PISTOIA. I video raggiungono ogni giorno centinaia di migliaia di utenti sui social. Vilma, Antonio, “il direttore” e tanti altri ragazzi sono diventati delle vere e proprie star dei social. Una storia di inclusione, un progetto ambizioso che si sta affermando sempre di più. Ben oltre i confini regionali. In Toscana esiste una realtà capace di trasformare il rifiuto in risorsa, l’emarginazione in dignità, e l’artigianato in riscatto sociale. Si chiama Fody ed è una startup innovativa a vocazione sociale fondata nel 2022, con sede a Pistoia, che ha fatto dell’inclusione lavorativa delle persone con disabilità e della sostenibilità ambientale la propria missione quotidiana. Attraverso il recupero di scarti tessili provenienti da produzioni di moda e industria — che altrimenti sarebbero destinati al macero — Fody produce accessori, coperte termiche, shopper, zaini e articoli destinati a persone in difficoltà. Ogni prodotto è il risultato di un lavoro manuale svolto da giovani e adulti con disabilità intellettiva, inseriti in percorsi di formazione e occupazione tutelata, pensati per valorizzare talenti invisibili. «Non solo ricicliamo tessuti: restituiamo storie, mani, speranze», spiega l’azienda, che è anche società benefit, impegnata formalmente nel perseguimento del bene comune oltre al profitto. Una realtà che oggi conta migliaia di sostenitori in tutta Italia: 78mila followers su Facebook, oltre 100mila su Instagram.
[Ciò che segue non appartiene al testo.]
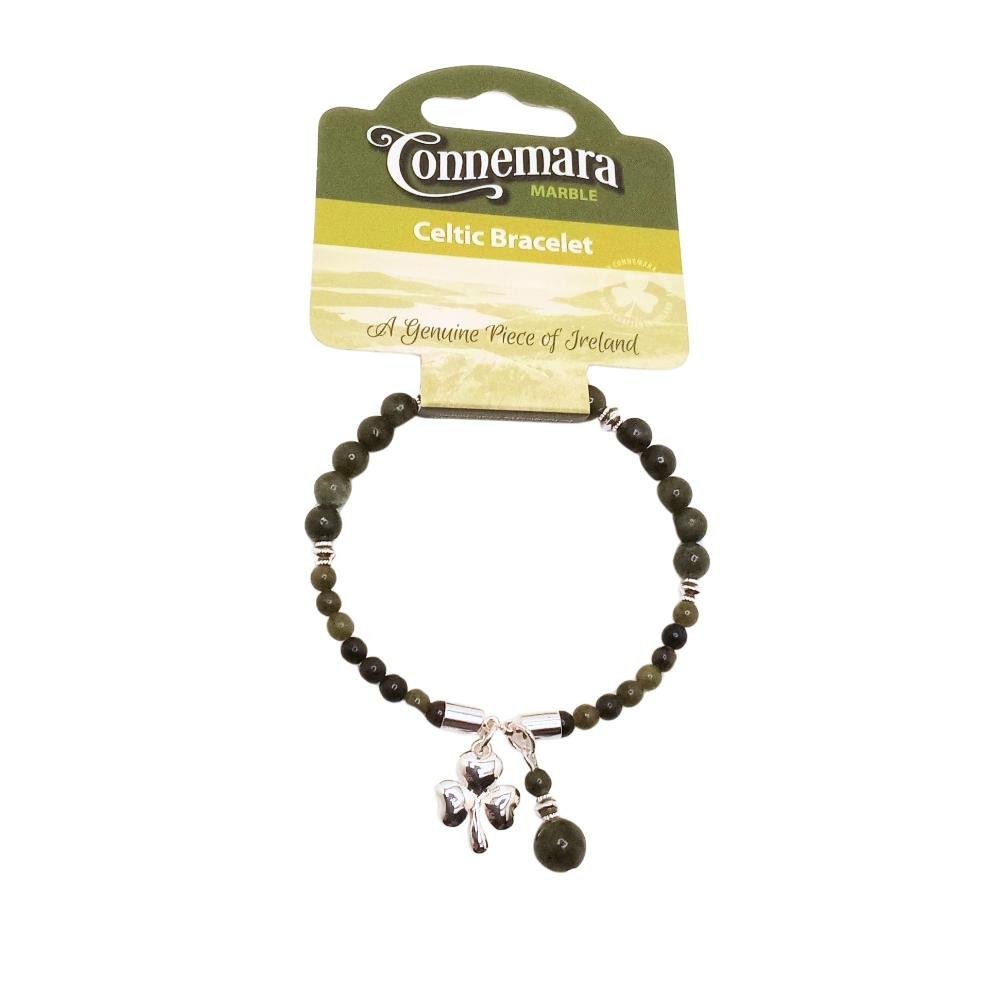 Horseshoe Connemara Marble Shamrock Bracelet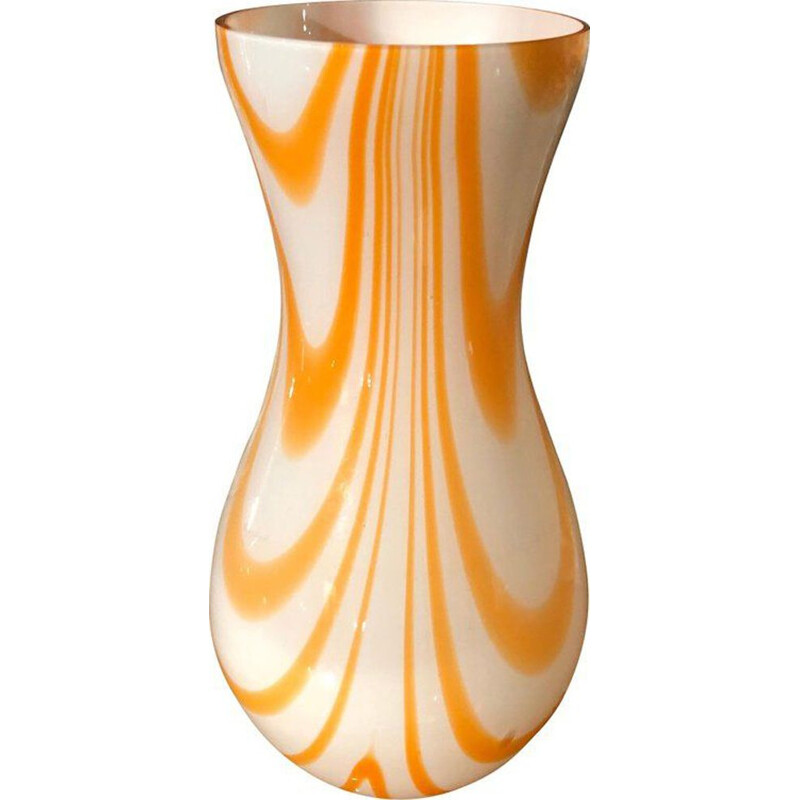 White and orange vase in Murano glass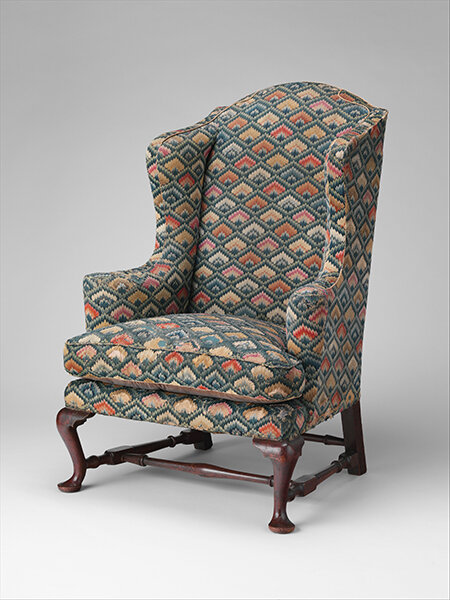 Unknown chairmaker and Caleb Gardner, Jr., upholsterer, Easy Chair, Newport, 1758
Al vertice di Fody ci sono Luca Freschi, ideatore del progetto, CEO e business strategist. È stato il principale artefice del modello strategico-organizzativo di Fody, partito come laboratorio inclusivo e poi evoluto in startup innovativa a vocazione sociale, e Riccardo Pagnini, charity manager, responsabile dei rapporti con il terzo settore. Ha gestito gli accordi iniziali con i primi fornitori e le associazioni beneficiarie e ha contribuito all’avvio del laboratorio tessile inclusivo. Nei video, poi, insieme ai ragazzi che lavorano in azienda, si vedono Lorenzo Traversari e Lapo CastagnoliQui tutti i ragazzi che lavorano in Fody

Un laboratorio sociale che racconta dignità

I numeri raccontano un’impresa che è molto più di un marchio etico: oltre 30.000 coperte donate in cinque Paesi, con un obiettivo ambizioso entro il 2030 — 1 milione di coperte, 1.000 lavoratori svantaggiati coinvolti, e 1.000 tonnellate di tessuto salvate dallo smaltimento. Cifre che testimoniano l’impatto di un modello economico e umano allo stesso tempo. Ma l’anima di Fody pulsa soprattutto nelle storie dei ragazzi che ogni giorno popolano i laboratori tessili a Pistoia e in altre città toscane come Scandicci, dove il progetto ha coinvolto associazioni del territorio, come Il Cui – I Ragazzi del Sole, dando forma a vere e proprie filiere locali dell’inclusione.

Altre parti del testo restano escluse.